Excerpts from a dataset
▬▬▬

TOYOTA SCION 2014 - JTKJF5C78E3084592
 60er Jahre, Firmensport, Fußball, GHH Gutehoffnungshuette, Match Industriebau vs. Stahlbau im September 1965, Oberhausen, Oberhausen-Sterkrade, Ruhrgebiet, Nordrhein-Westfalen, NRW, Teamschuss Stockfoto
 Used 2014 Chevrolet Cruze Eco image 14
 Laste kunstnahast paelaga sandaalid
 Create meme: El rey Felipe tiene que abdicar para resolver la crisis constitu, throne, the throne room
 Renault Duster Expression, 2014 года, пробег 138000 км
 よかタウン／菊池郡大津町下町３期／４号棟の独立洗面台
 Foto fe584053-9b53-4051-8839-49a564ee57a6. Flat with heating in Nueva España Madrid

▬▬▬

Nothing but the exact lines of the data above, from the line containing "Create meme: El" through the last, should appear in the answer.

Written answer.
 Create meme: El rey Felipe tiene que abdicar para resolver la crisis constitu, throne, the throne room
 Renault Duster Expression, 2014 года, пробег 138000 км
 よかタウン／菊池郡大津町下町３期／４号棟の独立洗面台
 Foto fe584053-9b53-4051-8839-49a564ee57a6. Flat with heating in Nueva España Madrid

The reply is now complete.